62 posts - 110 votes 
Speaks: Norwegian*, English
Studies: Japanese, Korean, Ancient Greek, Biblical Hebrew, Mandarin, Cantonese

 
 Message 18 of 40
06 January 2014 at 4:59pm | IP Logged 
schoenewaelder wrote:

How does this pan out out in the long run? According to Huliganov, you should end up, on average, encountering a new word 3 times, so it should end up taking roughly one and a half hours to learn 25 new head words (I added in a couple of 5 minute breaks there). How much time do you actually spend on it per day? Do you do more than one language at a time?
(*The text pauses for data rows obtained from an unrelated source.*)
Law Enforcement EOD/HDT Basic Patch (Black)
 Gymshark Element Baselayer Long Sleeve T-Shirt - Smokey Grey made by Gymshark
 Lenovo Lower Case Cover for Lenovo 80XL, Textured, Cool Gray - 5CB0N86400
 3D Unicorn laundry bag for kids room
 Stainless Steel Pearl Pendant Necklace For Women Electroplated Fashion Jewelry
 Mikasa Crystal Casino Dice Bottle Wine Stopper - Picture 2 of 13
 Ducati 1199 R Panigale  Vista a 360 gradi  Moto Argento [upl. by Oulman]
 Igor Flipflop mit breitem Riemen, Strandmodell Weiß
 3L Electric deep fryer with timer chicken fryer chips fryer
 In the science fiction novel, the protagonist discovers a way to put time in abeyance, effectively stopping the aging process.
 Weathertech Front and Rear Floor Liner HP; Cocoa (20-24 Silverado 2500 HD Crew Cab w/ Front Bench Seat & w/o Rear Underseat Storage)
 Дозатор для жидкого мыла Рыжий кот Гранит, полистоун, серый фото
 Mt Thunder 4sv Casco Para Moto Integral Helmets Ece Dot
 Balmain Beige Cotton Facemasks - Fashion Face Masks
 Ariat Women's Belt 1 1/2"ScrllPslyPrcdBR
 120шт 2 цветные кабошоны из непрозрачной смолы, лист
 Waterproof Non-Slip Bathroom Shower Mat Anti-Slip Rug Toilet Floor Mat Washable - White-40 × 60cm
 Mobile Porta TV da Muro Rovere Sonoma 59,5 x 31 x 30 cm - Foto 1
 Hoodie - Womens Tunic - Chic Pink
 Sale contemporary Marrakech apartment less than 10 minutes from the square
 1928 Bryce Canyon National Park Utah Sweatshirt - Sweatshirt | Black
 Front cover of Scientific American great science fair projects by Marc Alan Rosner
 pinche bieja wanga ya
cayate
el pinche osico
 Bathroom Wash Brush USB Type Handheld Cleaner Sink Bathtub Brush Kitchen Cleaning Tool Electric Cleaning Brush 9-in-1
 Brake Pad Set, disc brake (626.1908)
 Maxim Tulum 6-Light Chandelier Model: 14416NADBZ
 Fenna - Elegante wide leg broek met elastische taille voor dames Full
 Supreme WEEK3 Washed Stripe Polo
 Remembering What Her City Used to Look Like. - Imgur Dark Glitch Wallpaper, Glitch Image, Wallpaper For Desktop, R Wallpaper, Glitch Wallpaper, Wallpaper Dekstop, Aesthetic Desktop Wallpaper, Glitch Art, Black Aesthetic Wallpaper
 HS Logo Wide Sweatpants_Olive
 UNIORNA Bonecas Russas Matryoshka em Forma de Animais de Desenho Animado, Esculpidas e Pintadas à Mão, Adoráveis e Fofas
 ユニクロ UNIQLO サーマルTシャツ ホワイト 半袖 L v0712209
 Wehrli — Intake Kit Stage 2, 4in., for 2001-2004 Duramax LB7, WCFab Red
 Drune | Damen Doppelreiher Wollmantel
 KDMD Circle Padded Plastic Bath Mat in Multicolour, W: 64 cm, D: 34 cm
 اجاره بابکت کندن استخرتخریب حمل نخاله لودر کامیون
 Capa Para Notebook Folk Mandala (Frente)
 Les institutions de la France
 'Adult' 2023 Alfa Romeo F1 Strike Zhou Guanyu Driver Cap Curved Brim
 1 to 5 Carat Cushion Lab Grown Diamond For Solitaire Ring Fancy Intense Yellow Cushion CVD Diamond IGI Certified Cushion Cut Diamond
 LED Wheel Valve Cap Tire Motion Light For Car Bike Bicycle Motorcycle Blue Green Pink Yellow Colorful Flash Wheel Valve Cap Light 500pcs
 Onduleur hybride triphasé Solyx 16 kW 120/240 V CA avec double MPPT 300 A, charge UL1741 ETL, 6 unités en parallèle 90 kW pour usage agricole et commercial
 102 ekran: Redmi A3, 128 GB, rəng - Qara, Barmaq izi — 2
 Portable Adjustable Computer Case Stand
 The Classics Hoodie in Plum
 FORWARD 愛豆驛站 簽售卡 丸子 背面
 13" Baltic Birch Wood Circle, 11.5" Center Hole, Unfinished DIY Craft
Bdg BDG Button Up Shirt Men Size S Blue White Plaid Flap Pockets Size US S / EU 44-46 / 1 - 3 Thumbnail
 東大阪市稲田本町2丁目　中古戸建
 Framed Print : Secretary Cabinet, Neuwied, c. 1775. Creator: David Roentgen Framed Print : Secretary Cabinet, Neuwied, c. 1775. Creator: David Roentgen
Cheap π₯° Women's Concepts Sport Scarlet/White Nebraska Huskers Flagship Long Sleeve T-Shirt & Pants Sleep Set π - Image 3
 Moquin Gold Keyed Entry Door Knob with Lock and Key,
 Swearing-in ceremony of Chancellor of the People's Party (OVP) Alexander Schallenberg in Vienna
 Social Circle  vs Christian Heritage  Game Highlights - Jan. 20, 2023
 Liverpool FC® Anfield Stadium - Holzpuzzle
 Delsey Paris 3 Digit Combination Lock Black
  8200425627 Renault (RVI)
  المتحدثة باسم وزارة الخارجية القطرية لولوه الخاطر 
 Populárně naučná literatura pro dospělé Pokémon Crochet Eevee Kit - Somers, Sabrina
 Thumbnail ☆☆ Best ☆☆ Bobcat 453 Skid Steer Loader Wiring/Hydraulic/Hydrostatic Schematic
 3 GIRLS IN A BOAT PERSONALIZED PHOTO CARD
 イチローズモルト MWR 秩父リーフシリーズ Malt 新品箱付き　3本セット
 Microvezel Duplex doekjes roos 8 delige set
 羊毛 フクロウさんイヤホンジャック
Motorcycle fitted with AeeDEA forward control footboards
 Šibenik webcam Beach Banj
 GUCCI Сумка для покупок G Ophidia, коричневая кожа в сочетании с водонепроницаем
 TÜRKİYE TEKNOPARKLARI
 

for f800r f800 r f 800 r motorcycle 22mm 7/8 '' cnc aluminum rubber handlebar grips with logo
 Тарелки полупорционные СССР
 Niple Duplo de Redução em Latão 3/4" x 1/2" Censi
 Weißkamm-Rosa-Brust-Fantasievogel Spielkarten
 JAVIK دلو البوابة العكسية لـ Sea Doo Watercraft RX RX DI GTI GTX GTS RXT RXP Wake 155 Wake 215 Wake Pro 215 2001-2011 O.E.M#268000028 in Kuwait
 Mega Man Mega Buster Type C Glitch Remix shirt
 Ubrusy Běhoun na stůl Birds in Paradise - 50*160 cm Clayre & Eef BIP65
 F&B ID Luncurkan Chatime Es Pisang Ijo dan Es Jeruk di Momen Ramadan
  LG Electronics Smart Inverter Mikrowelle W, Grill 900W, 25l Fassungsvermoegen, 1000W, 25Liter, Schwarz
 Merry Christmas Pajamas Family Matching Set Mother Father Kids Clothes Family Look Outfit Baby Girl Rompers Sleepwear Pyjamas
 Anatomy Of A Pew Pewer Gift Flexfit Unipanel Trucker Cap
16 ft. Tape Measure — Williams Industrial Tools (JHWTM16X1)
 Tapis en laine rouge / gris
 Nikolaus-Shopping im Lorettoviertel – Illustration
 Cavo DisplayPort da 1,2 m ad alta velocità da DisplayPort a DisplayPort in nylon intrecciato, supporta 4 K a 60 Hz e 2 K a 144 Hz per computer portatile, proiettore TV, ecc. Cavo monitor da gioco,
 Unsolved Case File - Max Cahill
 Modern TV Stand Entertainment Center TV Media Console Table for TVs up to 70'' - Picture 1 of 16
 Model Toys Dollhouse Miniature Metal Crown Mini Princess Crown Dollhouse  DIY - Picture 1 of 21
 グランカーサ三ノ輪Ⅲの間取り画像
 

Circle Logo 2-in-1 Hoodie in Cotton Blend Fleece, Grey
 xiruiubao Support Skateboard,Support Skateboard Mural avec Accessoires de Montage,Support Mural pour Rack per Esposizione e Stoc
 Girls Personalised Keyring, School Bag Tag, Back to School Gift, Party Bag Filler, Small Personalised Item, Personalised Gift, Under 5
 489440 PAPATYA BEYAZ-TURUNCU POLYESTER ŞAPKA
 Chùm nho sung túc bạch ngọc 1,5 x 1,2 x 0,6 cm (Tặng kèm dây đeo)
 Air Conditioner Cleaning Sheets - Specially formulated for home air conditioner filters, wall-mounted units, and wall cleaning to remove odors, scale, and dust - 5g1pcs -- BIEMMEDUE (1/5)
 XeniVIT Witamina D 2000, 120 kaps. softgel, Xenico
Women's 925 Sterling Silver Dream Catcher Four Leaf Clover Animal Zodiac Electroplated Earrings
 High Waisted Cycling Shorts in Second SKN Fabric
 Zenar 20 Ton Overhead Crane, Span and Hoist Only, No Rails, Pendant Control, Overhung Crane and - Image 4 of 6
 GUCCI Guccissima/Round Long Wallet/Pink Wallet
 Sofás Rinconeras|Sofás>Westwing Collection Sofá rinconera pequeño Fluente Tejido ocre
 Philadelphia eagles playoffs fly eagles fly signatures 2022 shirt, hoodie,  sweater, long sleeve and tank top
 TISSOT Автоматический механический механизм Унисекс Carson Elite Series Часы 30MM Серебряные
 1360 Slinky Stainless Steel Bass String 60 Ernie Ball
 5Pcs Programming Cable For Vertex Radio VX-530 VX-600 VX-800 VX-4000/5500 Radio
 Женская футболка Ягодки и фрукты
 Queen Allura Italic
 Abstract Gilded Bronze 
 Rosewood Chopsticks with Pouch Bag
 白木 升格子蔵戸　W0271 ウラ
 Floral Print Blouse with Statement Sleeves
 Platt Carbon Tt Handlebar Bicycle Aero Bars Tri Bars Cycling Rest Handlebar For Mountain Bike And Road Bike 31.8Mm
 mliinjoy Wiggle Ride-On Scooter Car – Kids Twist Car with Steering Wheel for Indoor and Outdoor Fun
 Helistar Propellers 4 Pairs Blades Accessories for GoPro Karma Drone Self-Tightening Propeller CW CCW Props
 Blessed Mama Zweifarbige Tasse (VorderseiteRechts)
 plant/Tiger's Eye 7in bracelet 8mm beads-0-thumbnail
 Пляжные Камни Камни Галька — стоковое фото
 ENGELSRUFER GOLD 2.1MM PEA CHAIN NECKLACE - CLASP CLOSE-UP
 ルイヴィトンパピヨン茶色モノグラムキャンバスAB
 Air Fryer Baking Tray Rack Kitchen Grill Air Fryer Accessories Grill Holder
For the last year and a half, I've been focusing mainly on one project at a time, which lets me make more visible progress, although one of them was an experiment with goldlisting isolated Chinese characters, which I found were harder to remember than when I did the same thing with Chinese words (even with characters I didn't know). Probably it's because characters tend not to have precise meanings, which words do more often. When I've goldlisted sentences, they are usually really easy to remember, even if I don't remember what each word means by itself, so I usually only do sentences to show grammatical constructions rather than for the sentence itself.

My goal for this year is to stay at an average of 75 lines per day, which should be one hour of active work, plus breaks, but I find that not only do the distillations take less time per line than the initial headlist, but when I use commuting time to mark the lines I'm going to distil in advance, the actual distillation of 25 lines also takes much less than 20 minutes, so I save time that way. Sometimes I can easily do 50 lines in 20 minutes because I've prepared the distillation in advance and there are few long lines!

When I'm free, I often do many more lines than usual during the day, but normally I spend one hour a day in total working on a goldlist.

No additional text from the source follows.